We may represent the original data and the fitted curve in the same plot to visually inspect the quality of the fitting procedure and the model suitability. The procedure is similar to the one showed in the end of the previous section, but here we will create another DataFrame to show the proposed model at a higher resolution than the original data. Also notice that we added an option to remove the plot legend of df2, which is on by default.

df2 = pd.DataFrame()

# x contains 101 equally spaced points from 1 to 10
df2['x'] = linspace(1, 10, 101)
# Remember that popt[0] corresponds to A and popt[1] to n
df2['y'] = power_law(df2['x'], popt[0], popt[1])

ax1 = df.plot('x', 'x**0.5', kind='scatter',
              logx=True, logy=True)
ax2 = df2.plot('x', 'y', ax=ax1, legend=False)
savefig(r'assets\scatter_plot_fitting_data.png')

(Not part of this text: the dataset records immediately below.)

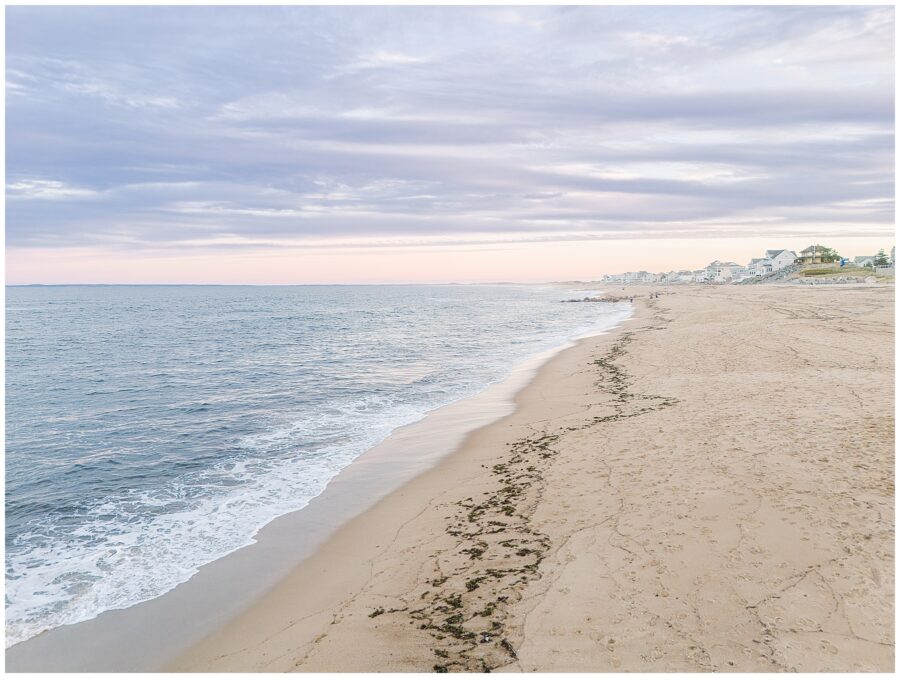 A scenic view of the private beach in Newburyport, MA, at sunset. The coastline stretches into the distance, with soft pastel skies and calm ocean waters.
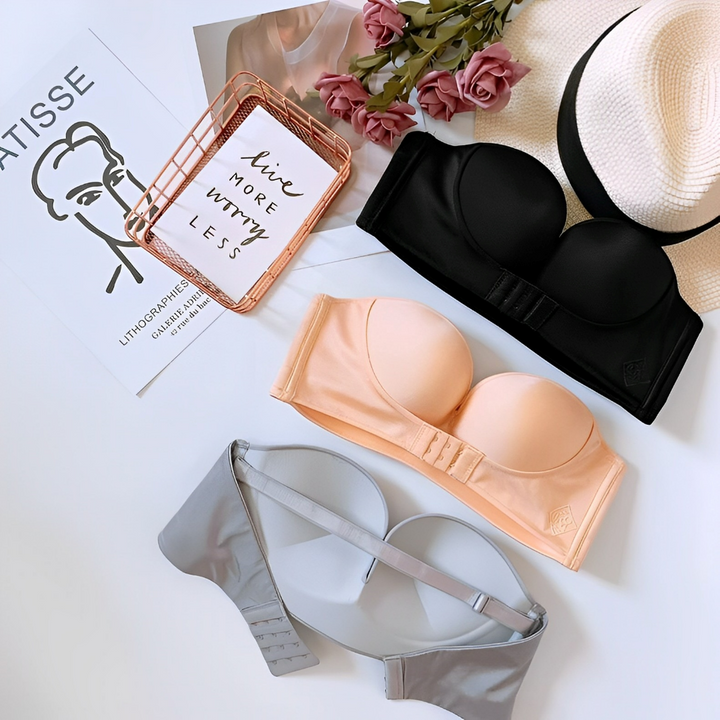 Seamless strapless push-up bra for women, providing invisible support under fashion apparel.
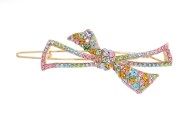 This small flower shaped crystal hair clamp measures 2.5 inches wide and 1.0 inches high. O24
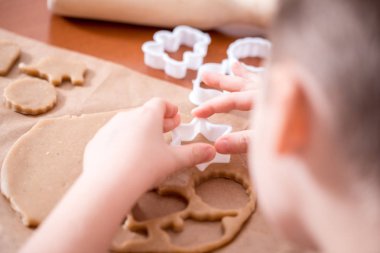 Çocuk el hamur yapmak ve ev yapımı gingerbread çerezleri Noel için pişirin. Gingerbread bir kalp, bir zeus, Noel topları ve hayvan şeklinde. Merry christmas ve yeni yıl kavramı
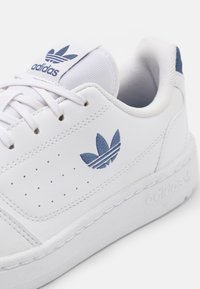 Weiße Ledersneaker mit blauen Akzenten, perforierten Seiten, einem Logo auf der Zunge und einer strukturierten Gummisohle.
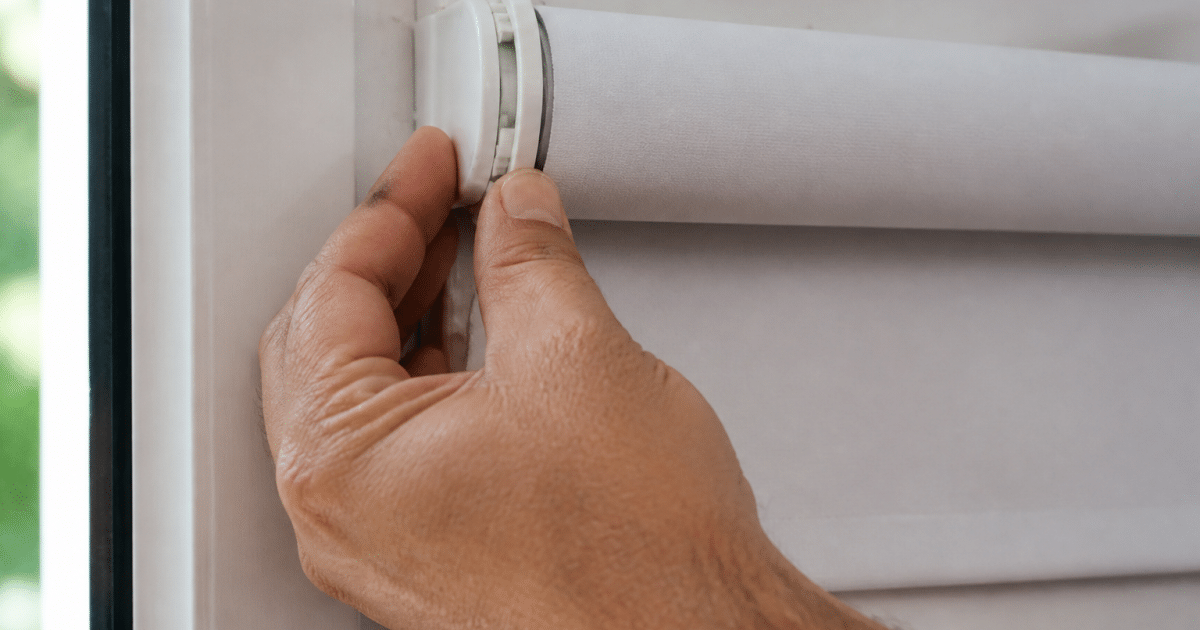 Mains serrant mecanisme enroule d'un store vertical blanc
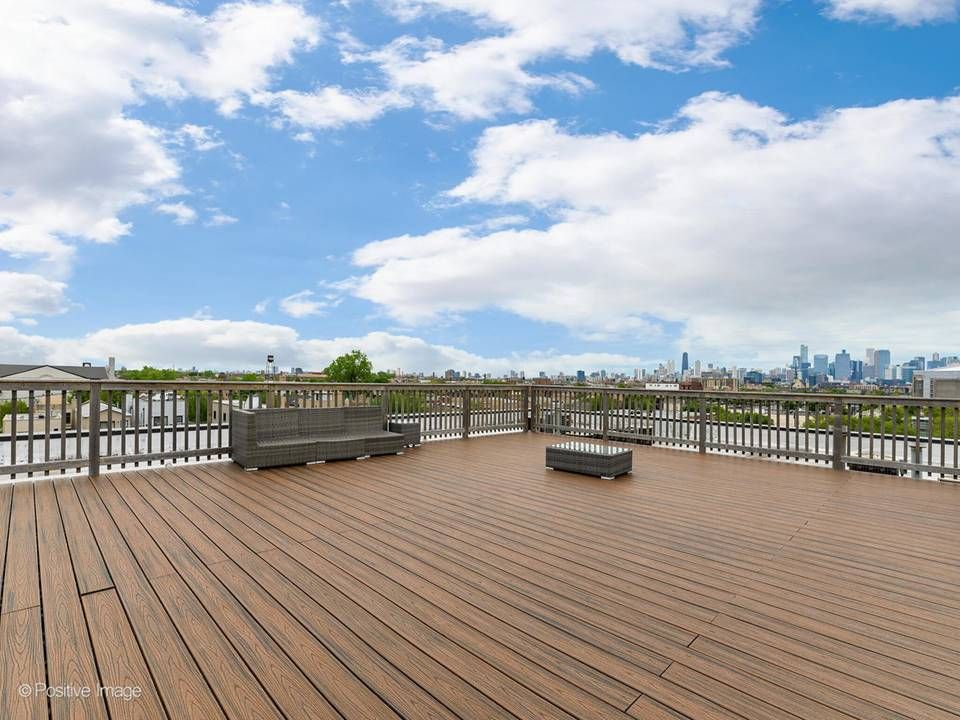 The South Leavitt — building rooftop deck with downtown skyline view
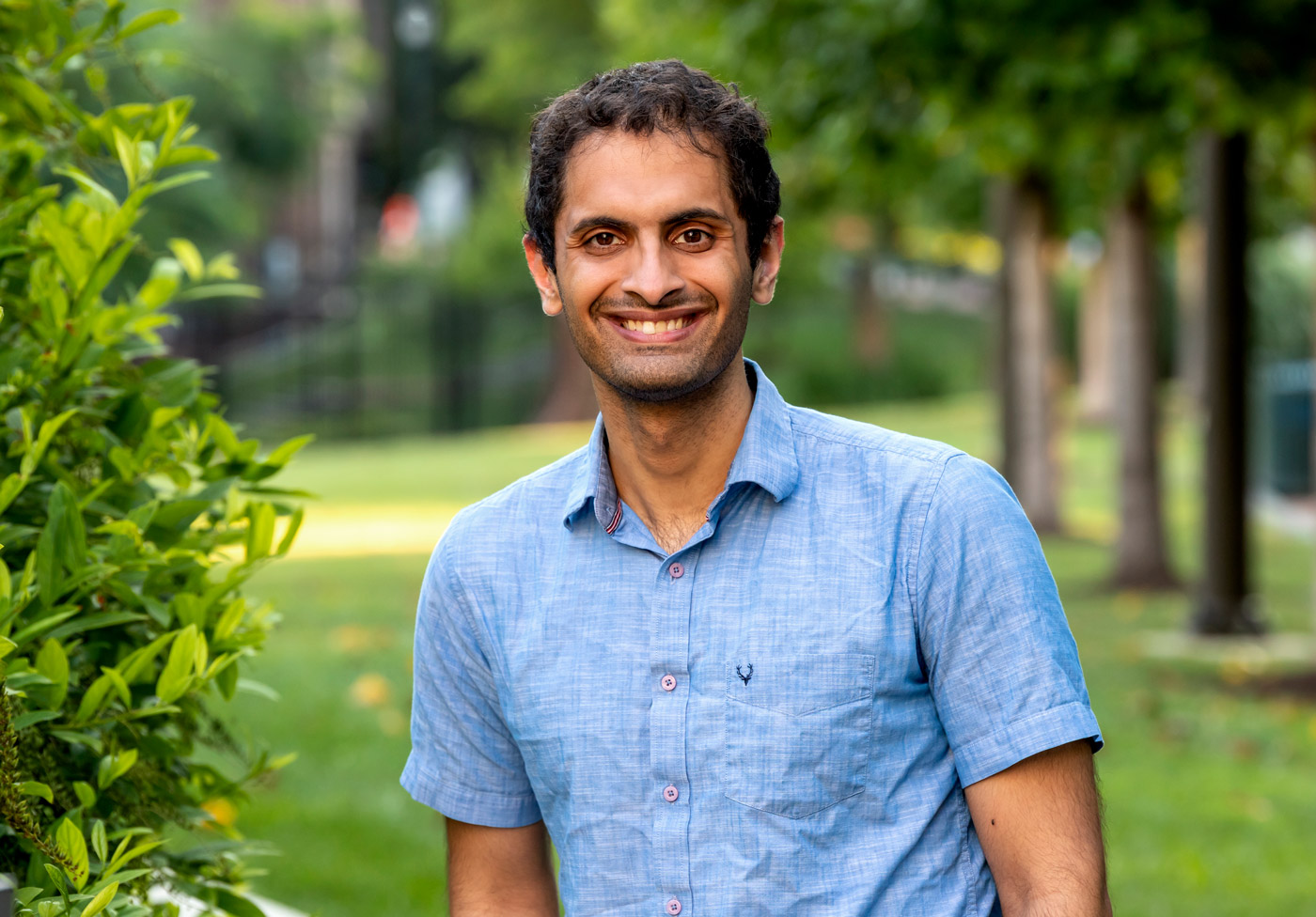 A man with light brown skin smiles into the camera. He's wearing a blue short-sleeved collared shirt and there are trees and grass in the background.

Let’s now work on a more challenging fit. Consider the hypothetical data set below associated with the measurements of the signal normalized amplitude versus frequency (in rad/s) for a resonating circuit. The table is transposed (df.T) for a better visualization.

df = pd.DataFrame()
df['Frequency'] = [100, 200, 300, 400, 500, 600, 700, 800, 900, 1000]
df['Amplitude'] = [0.11, 0.32, 0.96, 0.54, 0.31, 0.22, 0.18, 0.15, 0.12, 0.11]

df.T
0 1 2 3 4 5 6 7 8 9
Frequency 100 200 300 400 500 600 700 800 900 1000
Amplitude 0.11 0.32 0.96 0.54 0.31 0.22 0.18 0.15 0.12 0.11

The model for the resonating circuit amplitude response is given by \[y = \frac{1}{\sqrt{1 + A \left(\frac{x}{w_r} - \frac{w_r}{x}\right)^2}},\] which has two parameters, \(A\) and \(w_r\). Let’s try to repeat the previous procedure to fit this data. We have to define the fitting function model, ressonant, and use optimize.curve_fit to find the best values of \(A\) and \(w_r\). Later we try to represent both the original dataset and the model in the same plot. Everything is done at one in the block of code below.

def ressonant(x, A, wr):
  return 1 / sqrt( 1 + A * (x/wr - wr/x)**2 )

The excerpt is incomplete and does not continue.